Amid reports that White House officials are preparing an executive order to close the U.S. Department of Education, school officials in Fort Worth are working to figure out how such a move would affect students here.
President Donald Trump can’t unilaterally dismantle the department through executive order. But the Wall Street Journal reported this week that White House officials are considering an order that would direct the education officials to end any programs that aren’t enshrined in law, and call on Congress to eliminate the department outright.
Texas schools receive millions of dollars in funding from the department every year, including money intended to support low-income students and students with disabilities. Much of that funding is distributed through programs that are required by law, so any executive order Trump signed wouldn’t mean districts would see that revenue cut off immediately.
But education advocates say the most vulnerable students could be harmed the most if the department is dismantled.

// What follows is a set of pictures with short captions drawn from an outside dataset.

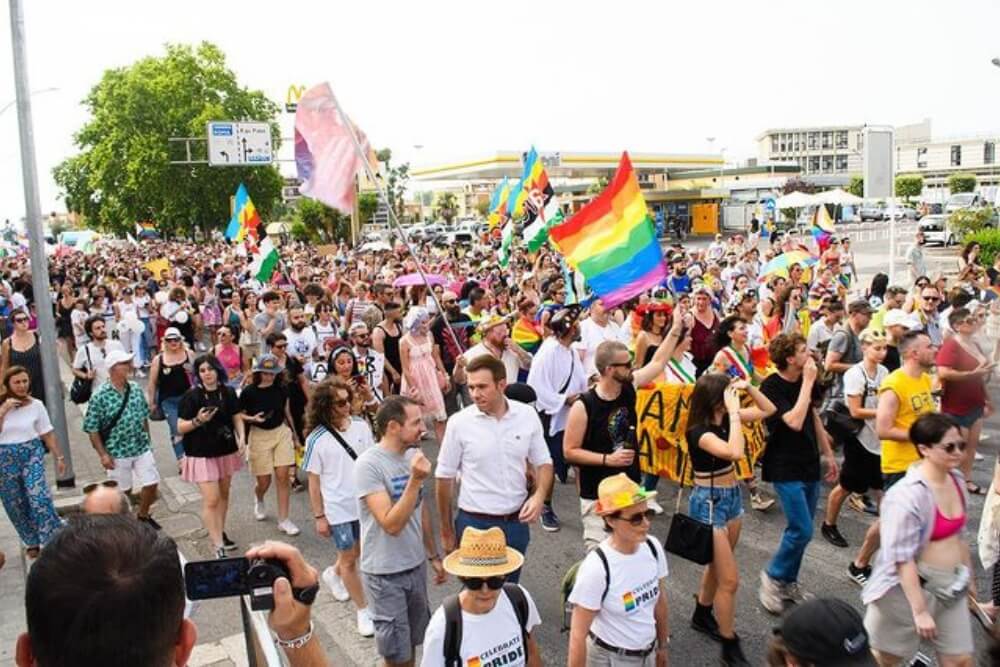 Lazio Pride - Latina, 8 Luglio 2023 - foto: IG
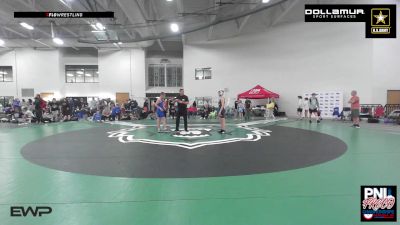 100 kg Rr Rnd 1 - Robbie Crawford, Pinnacle Wrestling Club vs Cael Combs, Sebolt Wrestling Academy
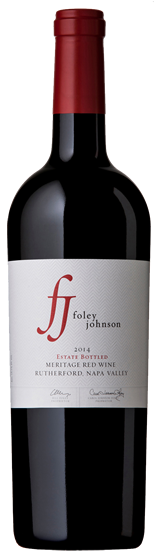 2014 FOLEY JOHNSON "RUTHERFORD ESTATE "MERITAGE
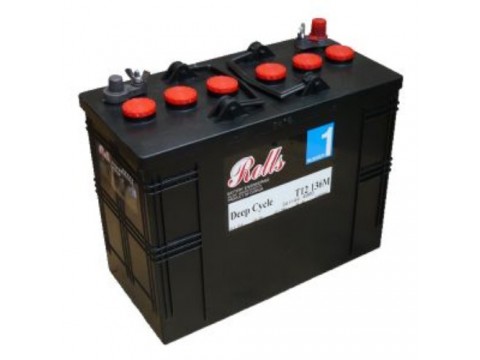 Rolls T12136 Deep Cycle Battery Rolls Leisure Rolls T12136 Deep Cycle Battery Rolls Leisure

FWISD receives millions in federal funding
Fort Worth ISD received $61.9 million in federal funding for the current school year, according to the budget the district’s board adopted last June. That represents about 6% of the district’s overall budget. Part of that total was the $13.3 million the district received in Title I funding to support economically disadvantaged students, according to district budget records.

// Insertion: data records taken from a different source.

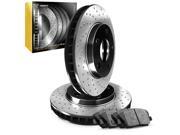 Front Premier Cross-Drilled Brake Disc Rotors & Ceramic Brake Pads 9-2X-Impreza Front Premier Cross-Drilled Brake Disc Rotors & Ceramic Brake Pads 9-2X-Impreza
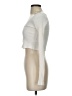 Superdown White Long Sleeve Top Size S - photo 5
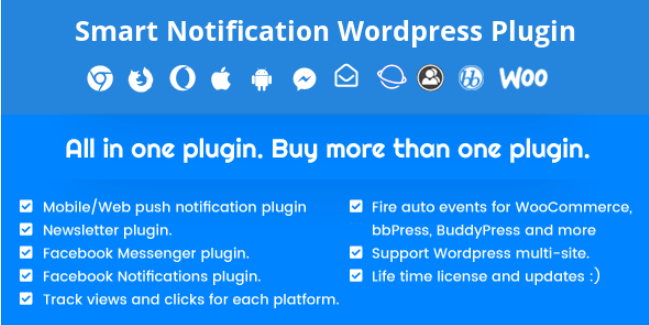 Notification Plugin for WordPress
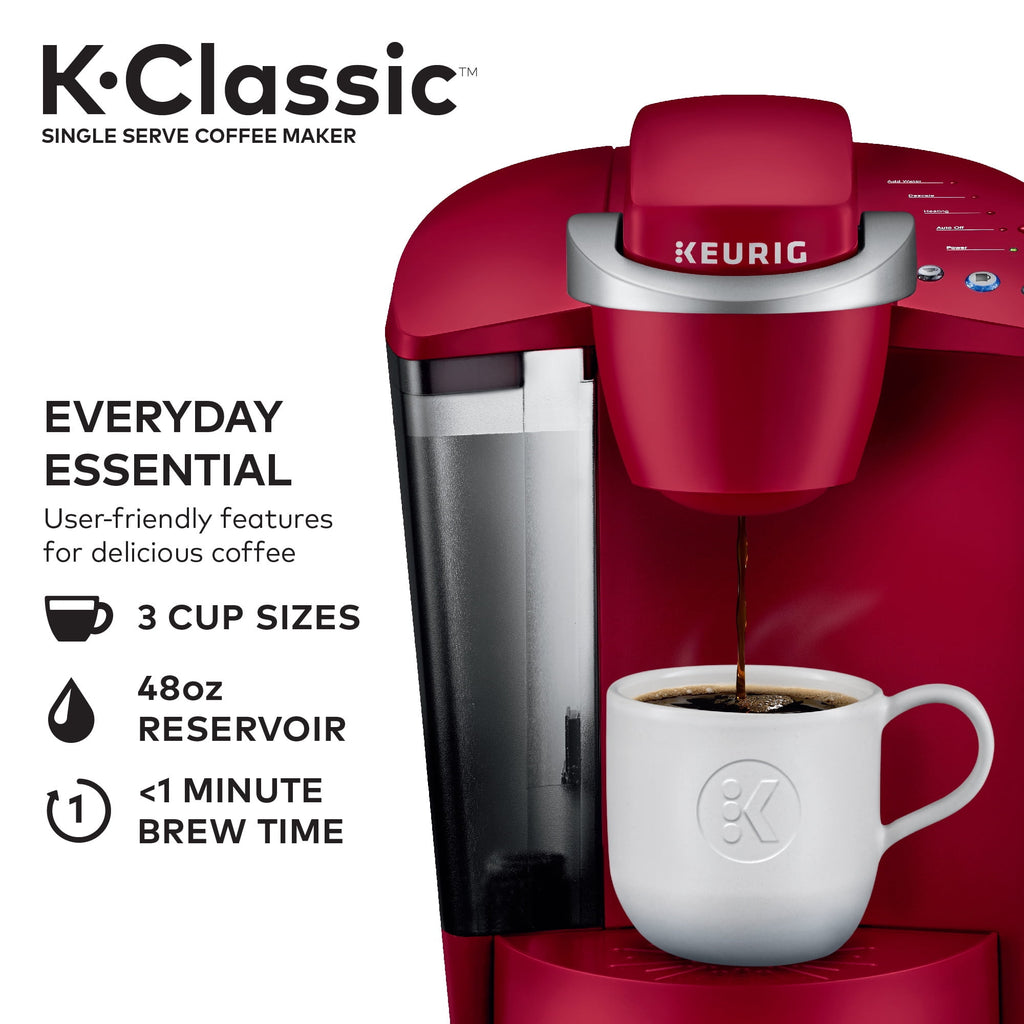 K-Classic™ Coffee Maker - Black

In a statement, Fort Worth ISD officials said it’s unclear how schools in the district would be affected if the department were shuttered.
“At this time, any potential impact is unknown as this issue is still evolving,” officials said. “Our focus will continue to be on educating all students and ensuring a safe and welcoming environment for students, staff, and the community.”

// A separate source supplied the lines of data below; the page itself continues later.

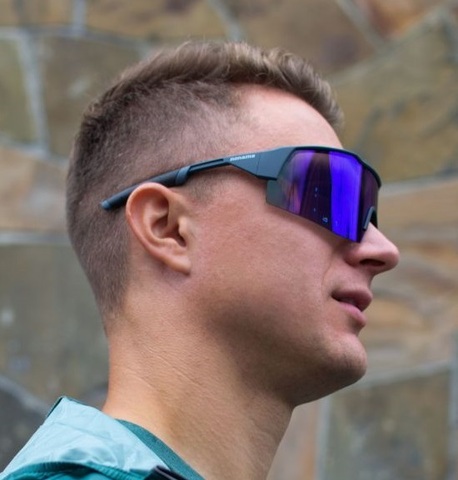 Спортивные профессиональные очки Noname Seefeld blue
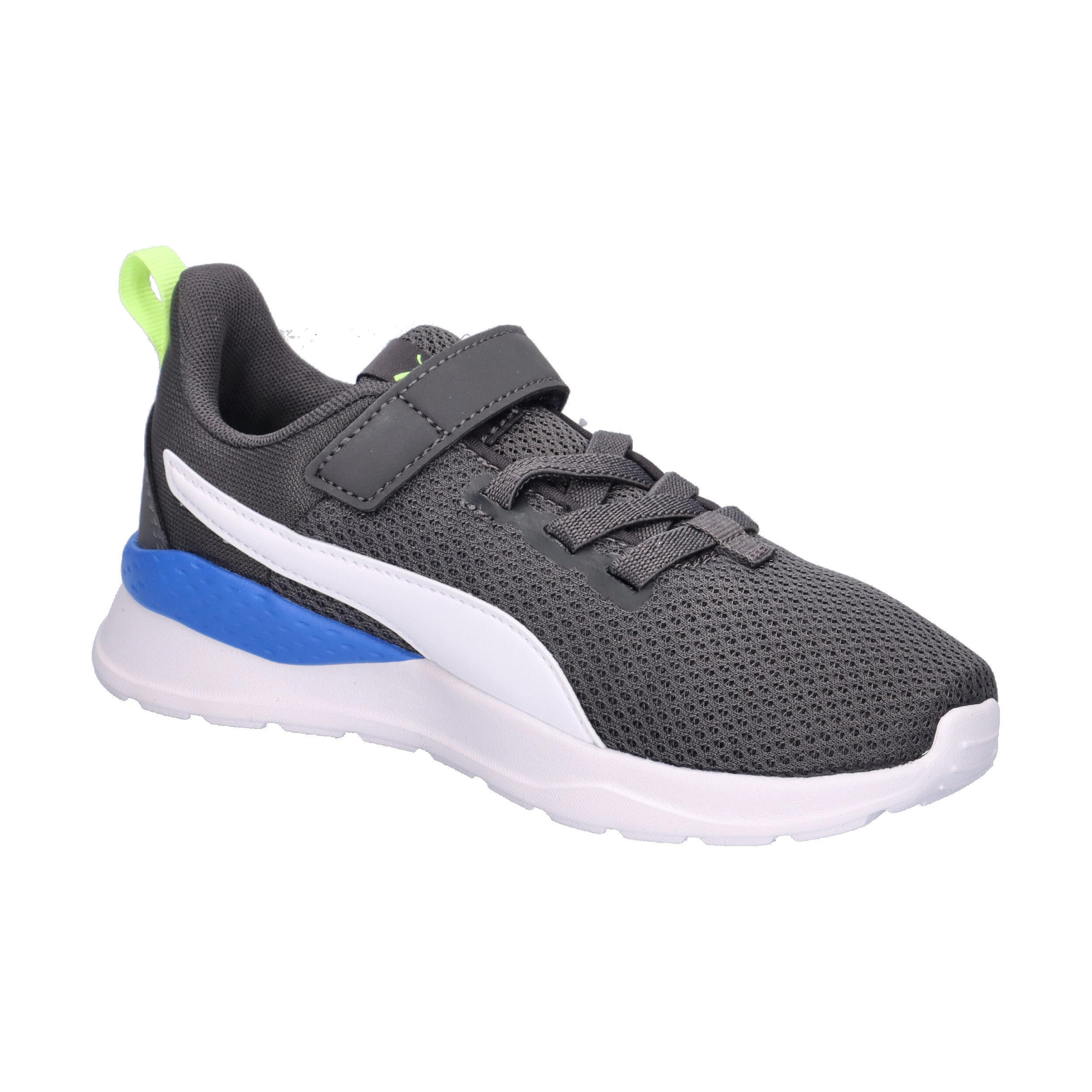 PUMA Anzarun Lite AC PS Kinder Sneaker Sportschuhe 372009 grau 8/15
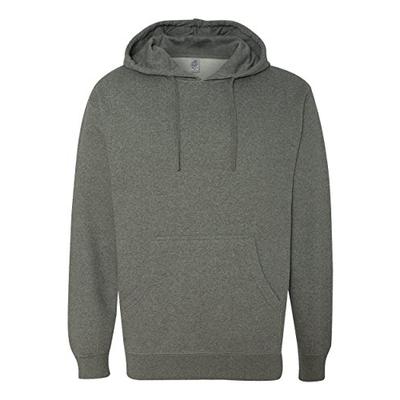 Independent Trading Co. SS4500 Midweight Hooded Pullover Sweatshirt Gunmetal Heather XS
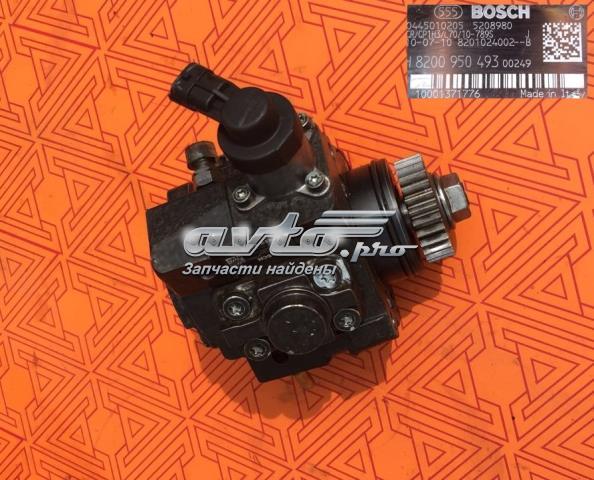 Система харчування двигуна 0445010205 BOSCH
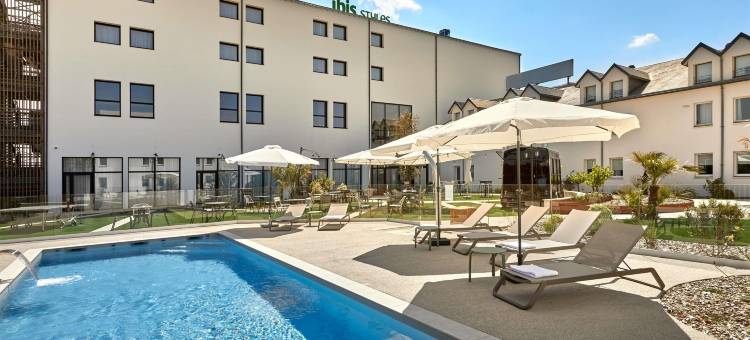 宜必思快捷拉罗什苏尔永酒店(Ibis Budget la Roche-Sur-Yon)图片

Congress established the U.S. Department of Education in 1979 with the passage of the Department of Education Organization Act. Because the department was created through an act of Congress, it can only be dismantled through another act of Congress.
Most decisions that directly affect the kind of instruction students get in classrooms, like setting curricula and academic standards, happen at the state and district level. But the federal Education Department performs a number of major functions. It handles more than a trillion dollars in federal student loan debt, collects and reports data on student achievement and enforces federal laws guaranteeing equal access to education, including those dealing with special education and Title IX rules preventing discrimination against women and girls.
The department also distributes money to school districts through the federal Title I program, which gives supplemental funding to schools with large numbers of students from low-income families. Like the department itself, the Title I program was created by an act of Congress, meaning it can’t be eliminated by executive order. That’s also true of the Individuals with Disabilities Education Act, which provides federal funding to support special education programs.
The department also investigates civil rights complaints, including one the department’s Office of Civil Rights opened in 2023 following an incident in which a Fort Worth ISD teacher allowed a student to use a racial slur repeatedly during a class presentation. That investigation is still ongoing, according to the department’s website.
Department elimination proposal dates back decades
Eliminating the department has been a goal of Republican leaders for decades. In 1982, just three years after the department was created, President Ronald Reagan pledged in his first State of the Union address to eliminate it, along with the U.S. Department of Energy. More recently, in a 2023 Republican presidential debate, North Dakota Gov. Doug Burgum, Florida Gov. Ron DeSantis, former Vice President Mike Pence and biotech entrepreneur Vivek Ramaswamy all pledged to shutter the department. Trump, who didn’t participate in the 2023 debate, proposed merging the department with the Department of Labor during his first term, but that proposal went nowhere.
More recently, Trump has floated the idea of shifting some of the department’s functions to other departments or delegating them to the states. Project 2025, the political handbook published last year by the conservative policy group Heritage Foundation, called for ending Title I and converting other federal education funding into block grants made to states.
The problem with that idea is that state departments of education don’t have the capacity to take on the U.S. Department of Education’s responsibilities, said Eric Duncan, director of P-12 policy for the national advocacy group EdTrust.
If federal education funding that currently goes to school districts were instead to be given to states in the form of block grants, it would leave state education departments with the task of parceling it out and making sure every district got what it needed, Duncan said. Most states don’t have the administrative capacity to handle that work on top of the work those departments are already doing, he said.
If that were to happen, the students who would suffer most would be the ones whose access to education hasn’t always been guaranteed, Duncan said — students of color, students with disabilities and students who are learning English, in particular. Many small districts would also lose out, he said, because the revenue they bring in from state and local sources often doesn’t cover the cost of running a school district, so they have to rely on federal money to fill in the gaps.
If the department were to be eliminated, it wouldn’t necessarily mean that students of color and students with disabilities would have no civil rights protections, Duncan said. School districts would still be obligated to follow the same laws they’re required to follow now.
But federal enforcement is an important recourse for families of those students to fall back on when schools break those rules, he said. If the department enforcing those rules were to close, those families would lose one of their most important tools for advocating for their children, he said.